=== EXERCISE PROMPT ===
Write the entries out again in full and unchanged, dropping every image.

=== RECORDED INFORMATION ===
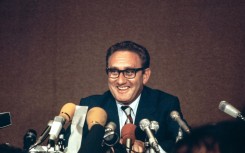 Henry Kissinger laughs during a press conference after the final communique on the Vietnam Peace Accords, signed by Kissinger and Le Duc Tho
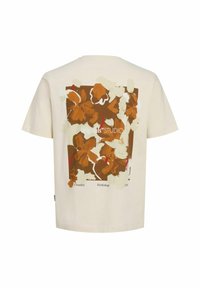 Cream cotton t-shirt featuring a large, abstract floral print in brown, cream, and red on the back. Short sleeves and a crew neckline.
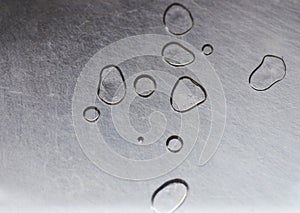 Gray silver metal background with water drops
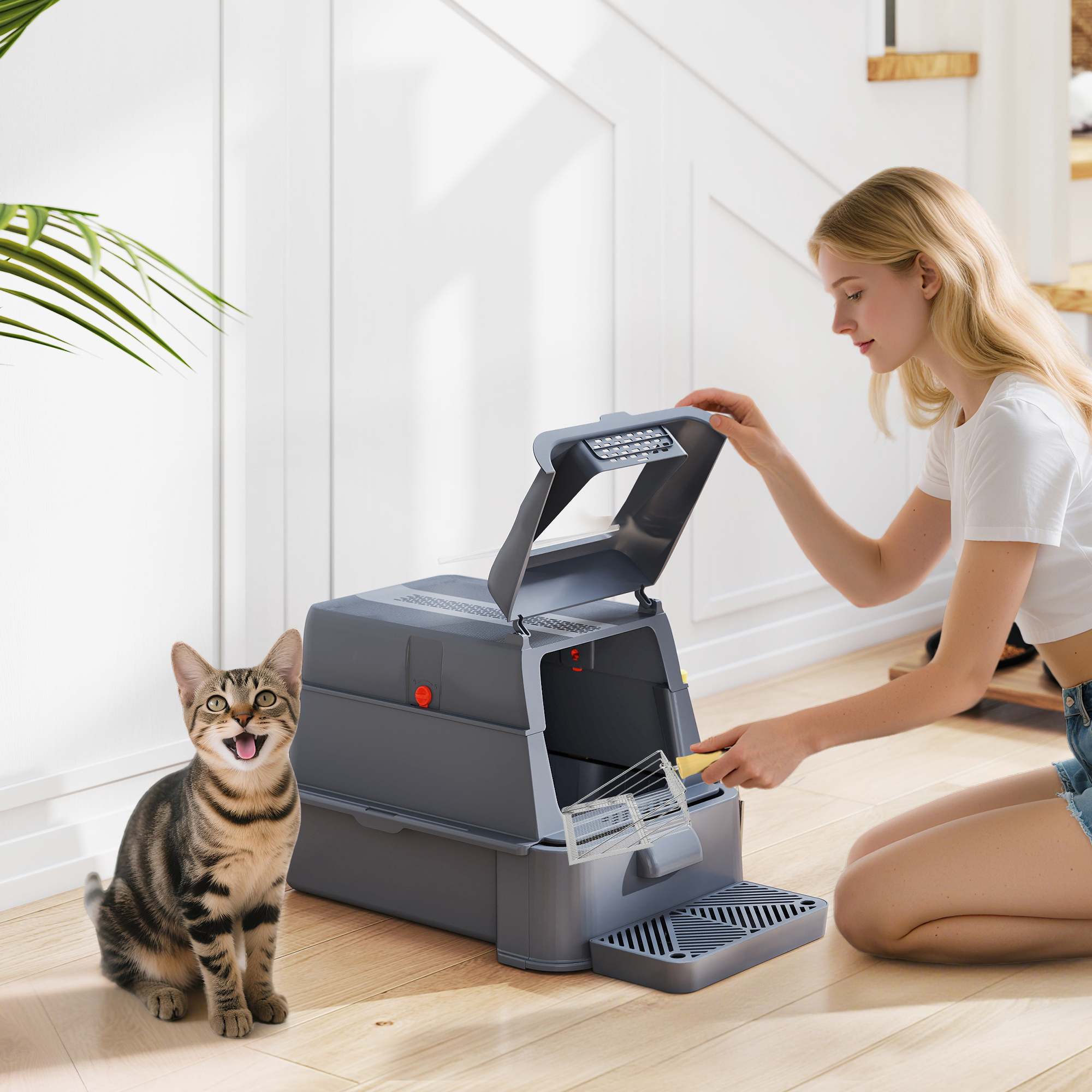 Un gato atigrado se sienta en un suelo de madera junto a una caja de arena automática que una mujer está limpiando.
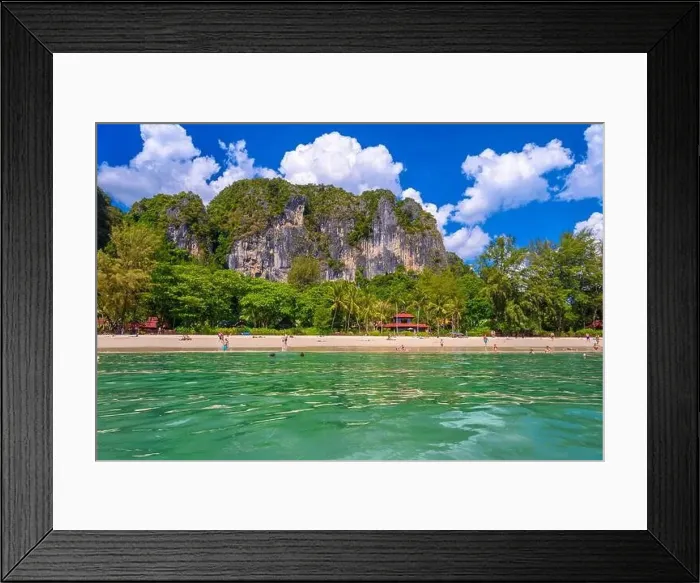 Framed Print : Bungalow house with red roof among coconut palms near the cliffs with people sunbathing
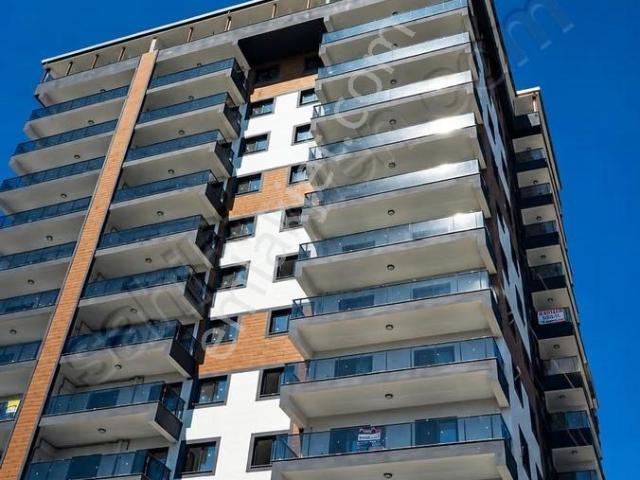 Memenen Uğur Mumcu'da Merkezi Konumda 2+1 Satılık Daire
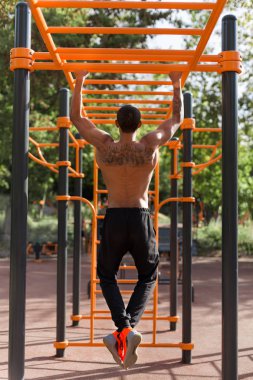 Gönderme yapan Afrikalı-Amerikalı kaslı erkek ups üzerinde yatay çubuk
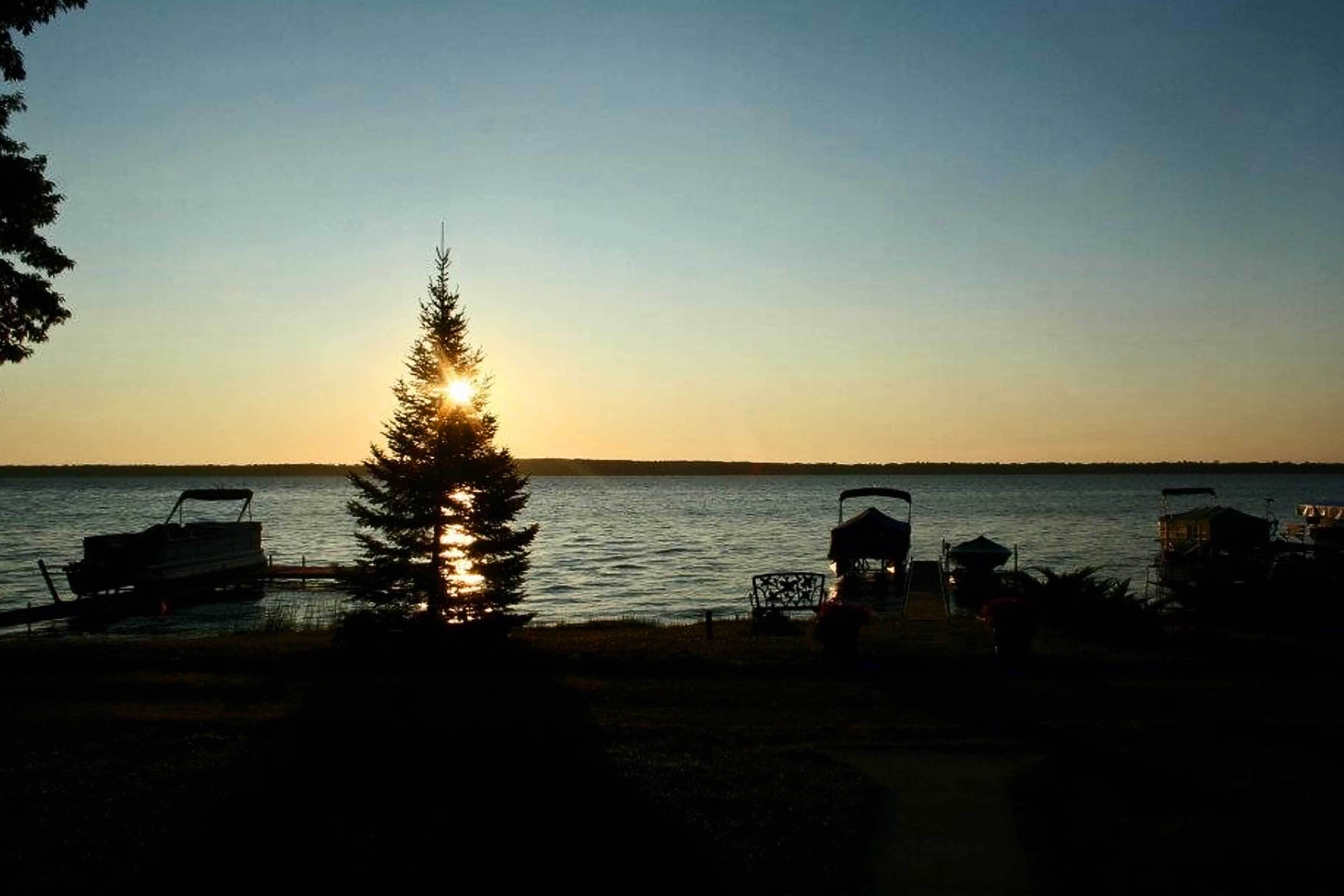 A lakeside view with a boat docked on the left, a tree in the foreground, and a clear sky.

=== ANSWER SPACE ===
 Henry Kissinger laughs during a press conference after the final communique on the Vietnam Peace Accords, signed by Kissinger and Le Duc Tho
 Cream cotton t-shirt featuring a large, abstract floral print in brown, cream, and red on the back. Short sleeves and a crew neckline.
 Gray silver metal background with water drops
 Un gato atigrado se sienta en un suelo de madera junto a una caja de arena automática que una mujer está limpiando.
 Framed Print : Bungalow house with red roof among coconut palms near the cliffs with people sunbathing
 Memenen Uğur Mumcu'da Merkezi Konumda 2+1 Satılık Daire
 Gönderme yapan Afrikalı-Amerikalı kaslı erkek ups üzerinde yatay çubuk
 A lakeside view with a boat docked on the left, a tree in the foreground, and a clear sky.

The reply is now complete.